Complètement ! Selon moi, il ne faut pas voir cette nomination comme une victoire. Regardez les patrons de partis : il n’y a que des hommes ! Le pouvoir reste encore aux mains des hommes et ils ont du mal à le lâcher, du moins à le partager.
Dans un entretien au Journal du Dimanche, Édith Cresson, la seule femme à avoir occupé le poste de Premier ministre, souhaite « beaucoup de courage » à Élisabeth Borne et fustige « le machisme de la classe politique française ». Est-ce que c’est quelque chose que vous ressentez aussi ?
Évidemment, c’est quelque chose d’encore très présent. À Dijon, François Rebsamen a toujours mis la lutte contre les discriminations au cœur de son mandat. Donc pour ma part, je ne subis pas directement de sexisme.
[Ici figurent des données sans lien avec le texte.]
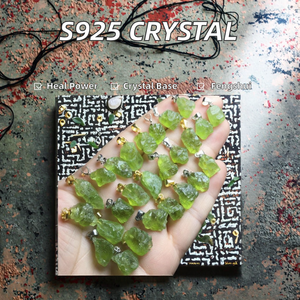 Горячая распродажа S925 Серебряный драгоценный камень кулон высокого качества натуральный кристалл Перидот для фэншуй и исцеления оптом - Product Image 3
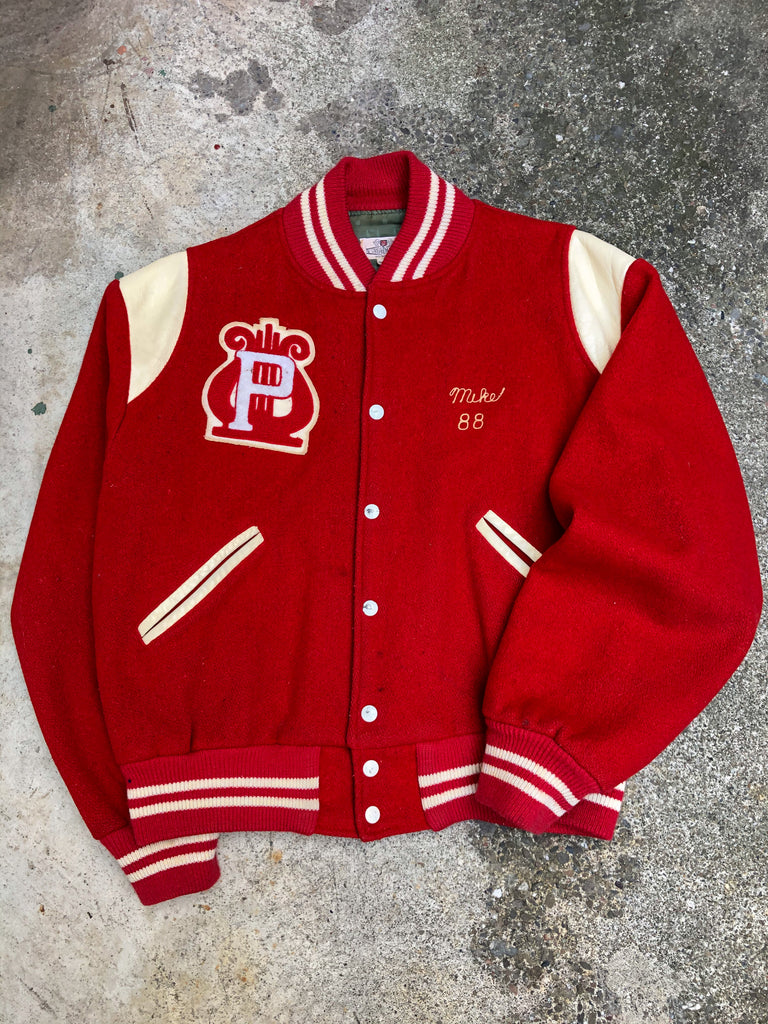 1980s Cherry Red Chain Stitch “PAHS Marching Band” Varsity Jacket 
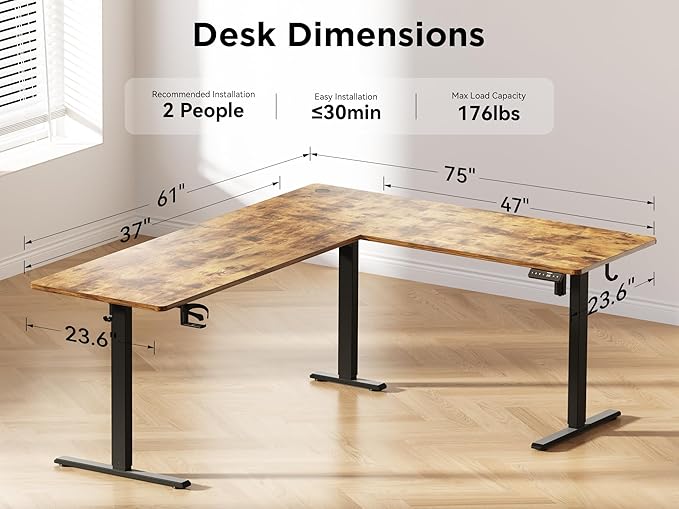 75x61 Inches Reversible L Shaped Standing Desk Height Adjustable with Cup Holder, Electric Corner Computer Workstation for Home Office, Ergonomic Sit Stand up Gaming Desk, Rustic Brown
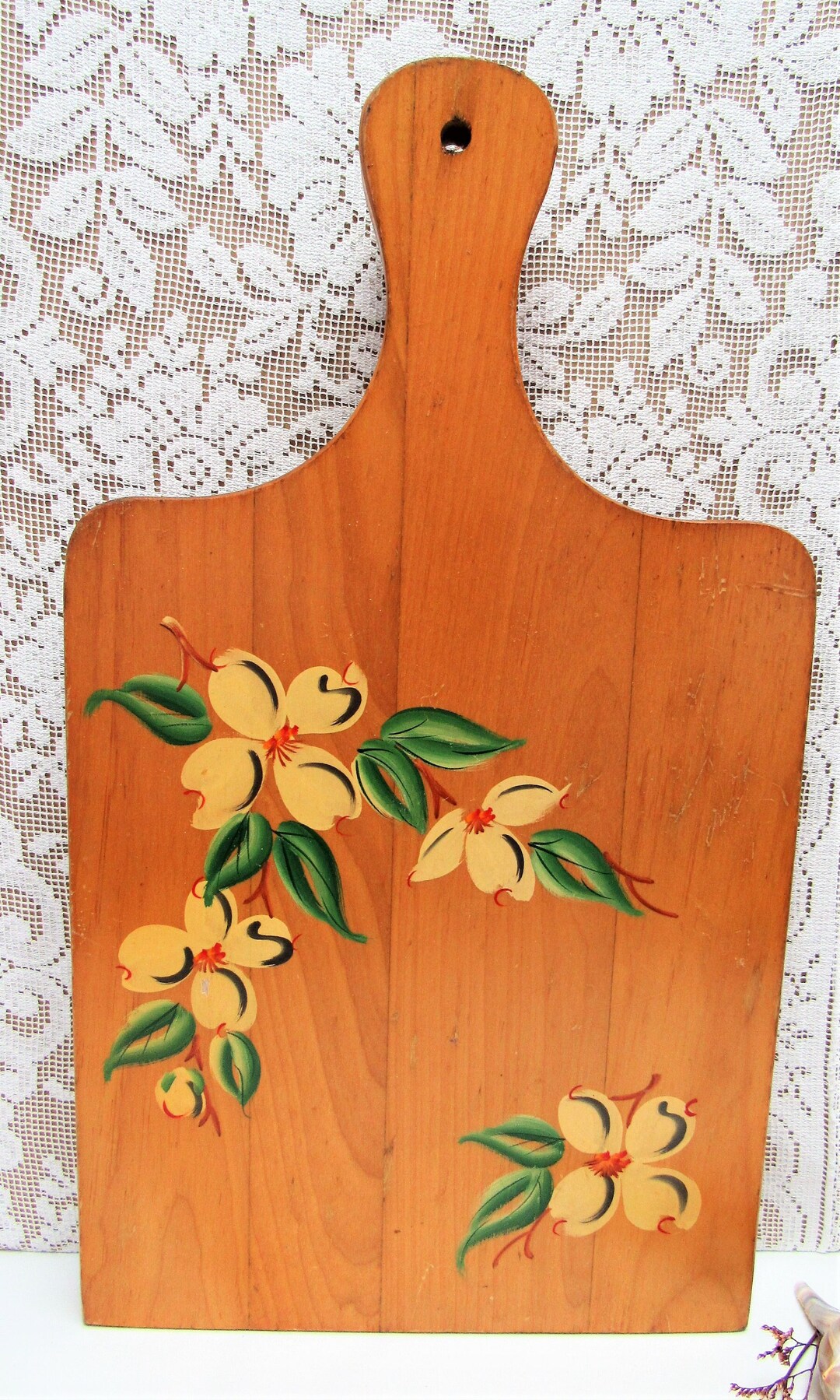 Vintage WOODCROFTERY Country Charcuterie CUTTING BOARD Handpainted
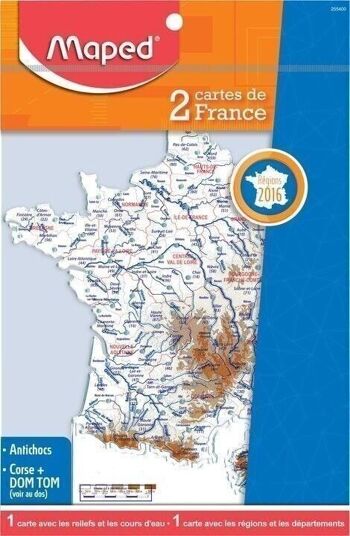 Pochette de 2 cartes de France : reliefs et fleuves / régions et départements 2016, 
  sachet brochable 3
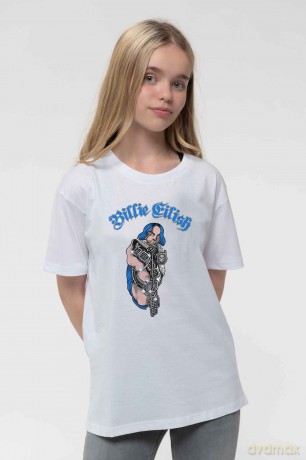 Billie Eilish: Kids T-Shirt: Bling (White) (Glitter Print) (11-12 Years)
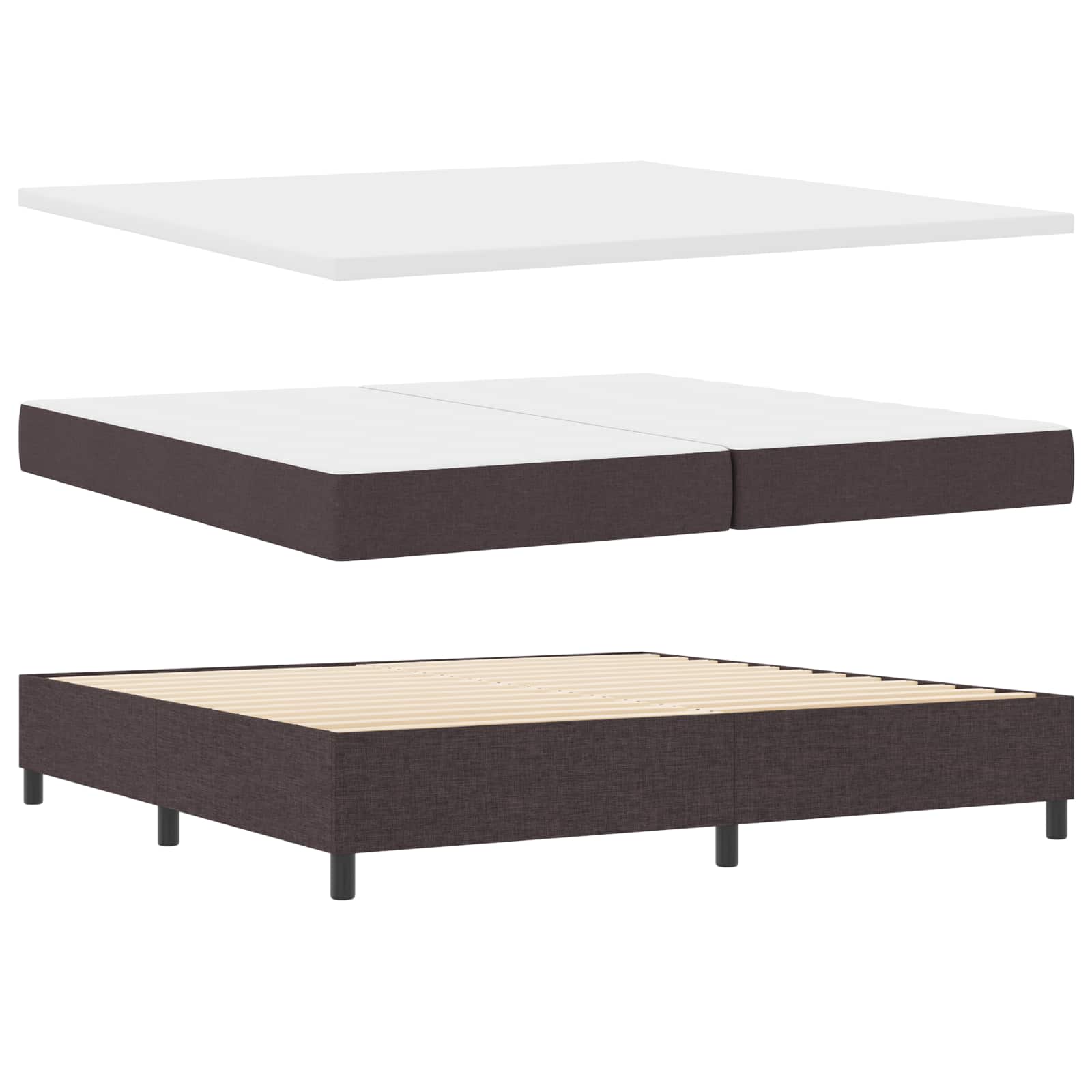 LED Box Spring Krevet Tamno smeđa 200 x 200 cm tkanina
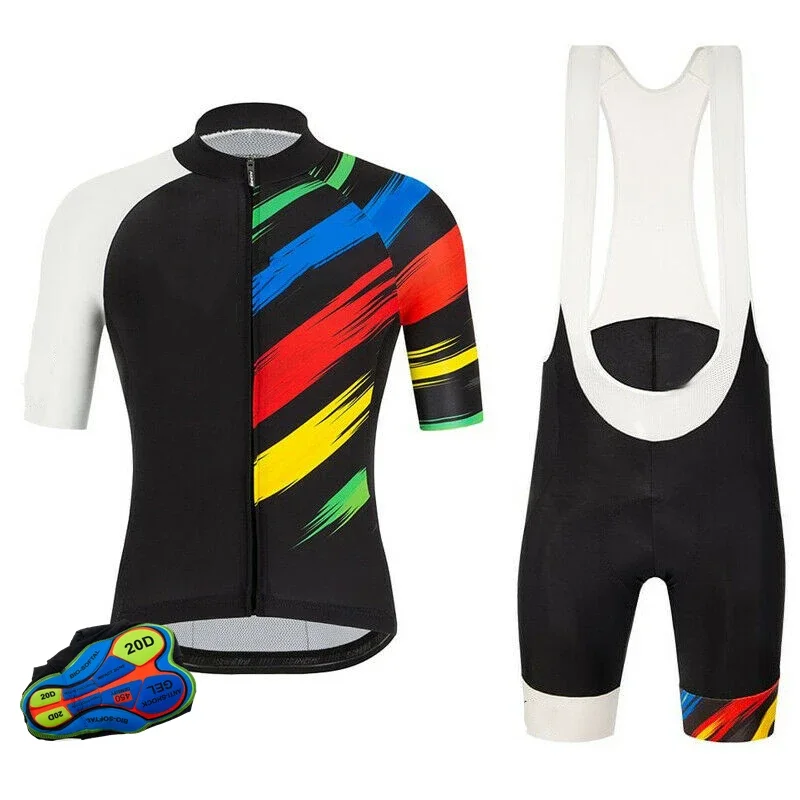 Men Team Sets Softness Antiskid Short Sleeve Suits Racing Sportswear Bicycle Clothes Mountain Bike Jerseys With Bib-shorts For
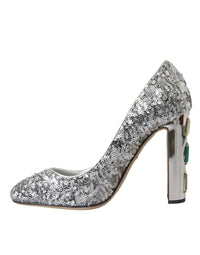 Dolce & Gabbana Silver Sequin Embellished Heels Pumps Women's Shoes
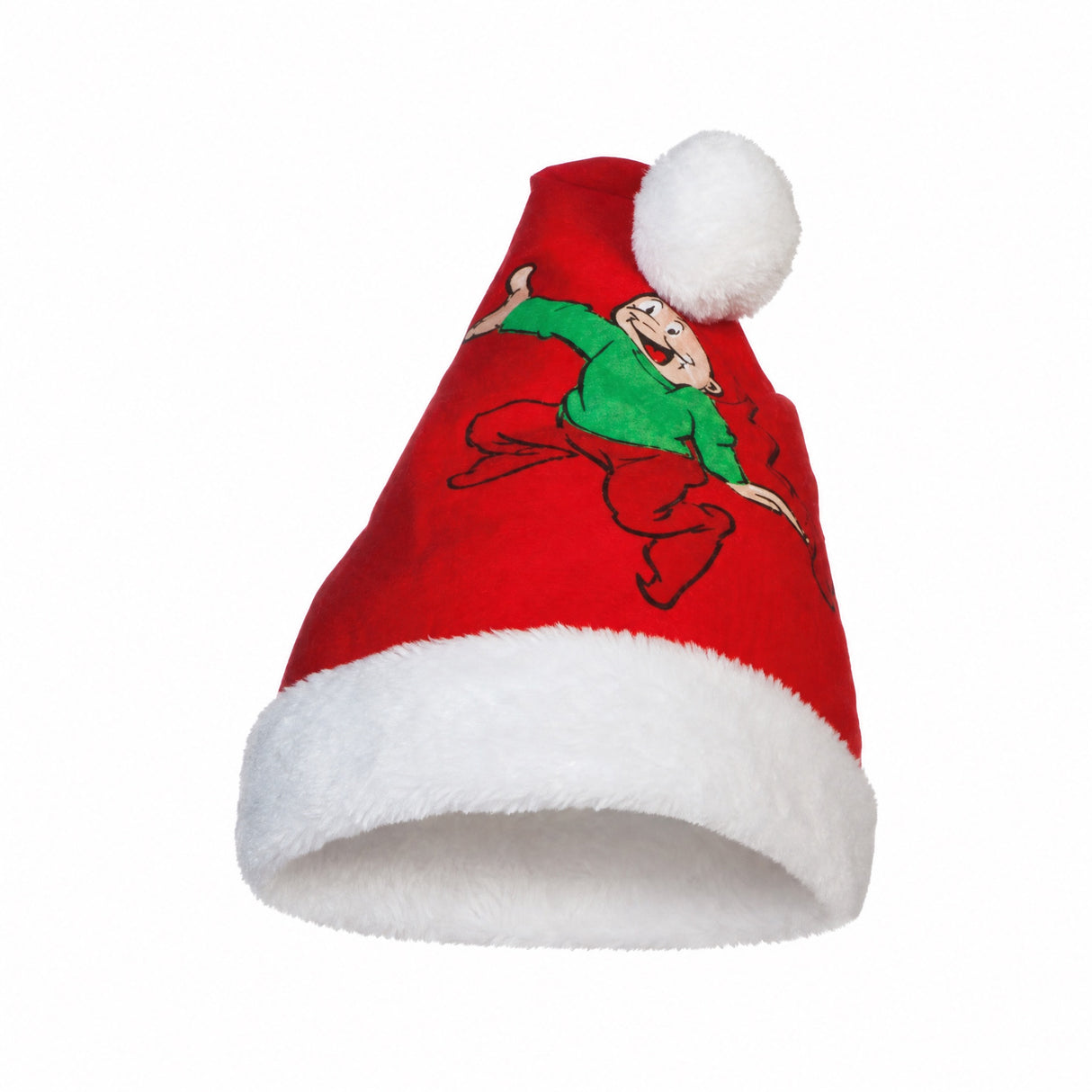 FELT SANTA HAT WITH BRAMMING ELVES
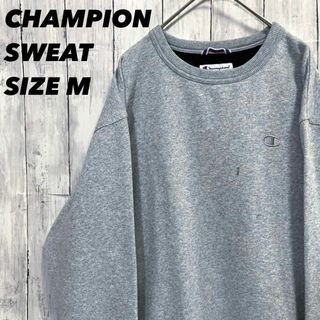 チャンピオン(Champion)のUS古着　チャンピオン　ワンポイント刺繍ロゴ背当て付きスエットトレーナーMグレー(スウェット)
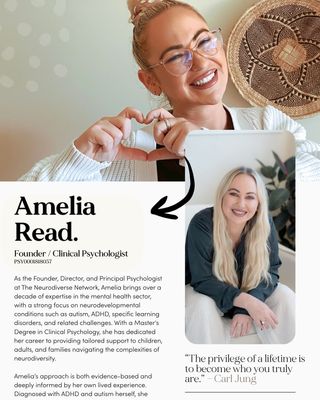 Photo of Amelia Read Read - The Neurodiverse Network By Amelia Read, Psychologist, MPsych, PsyBA - Clin. Psych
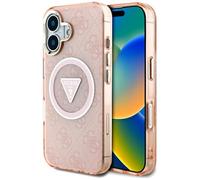 CG MOBILE Guess IML Metal Glitter 4G Circle Triangle Compatibile con MagSafe Custodia per iPhone 16 (Rosa)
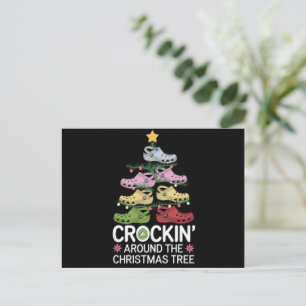 Rudern um den Weihnachtsbaum Feiertagspostkarte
En revanche, quand je suis amenée à défendre des sujets qui me sont chers comme l’écriture inclusive par exemple, je suis sujette à de nombreuses critiques. Il n’en reste pas moins que, quand on commence à monter dans les sphères du pouvoir, on est encore loin du compte. Regardez ce qui s’est passé avec Jérôme Peyrat, condamné pour une affaire de violences conjugales. Il y a encore un grand tabou sur ce sujet. Je pense en revanche qu’il y a une grande solidarité entre femmes politiques, de tous les bords confondus. Vous savez, le féminisme, c’est la défense des droits des femmes, mais pas au détriment des hommes.
« Je dédie cette nomination à toutes les petites filles pour leur dire : Allez au bout de vos rêves ! Rien ne doit freiner le combat pour la place des femmes dans notre société. » Voilà les premiers mots d’Élisabeth Borne après son investiture. Vous pensiez faire de la politique quand vous étiez plus petite ?
C’est vrai qu’à 10-12 ans, j’ai sûrement eu envie de devenir présidente de la République ! Quand j’étais petite, je voulais déjà participer à la vie de mon quartier, avec un papa qui était très engagé dans la sphère associative. La dimension d’engagement m’a toujours impressionnée. Mon objectif, encore aujourd’hui, est de porter la parole de celles et de ceux qui ne peuvent pas le faire. Je pense que cela relève encore une fois de l’éducation. Si on éduquait nos petits garçons comme nos petites filles et si on élevait nos petites filles en leur disant d’oser y aller, on obtiendrait de grandes avancées.
Et vous, si vous étiez élue présidente de la République ou nommée Première ministre, quel serait votre premier geste symbolique ?
Je crois que la première chose que je ferais, ce serait d’aller dans une école primaire et de voir toutes ces petites filles et petits garçons pour leur parler de mon parcours et de mon combat. Leur montrer que tout est possible avec de l’envie et de la détermination.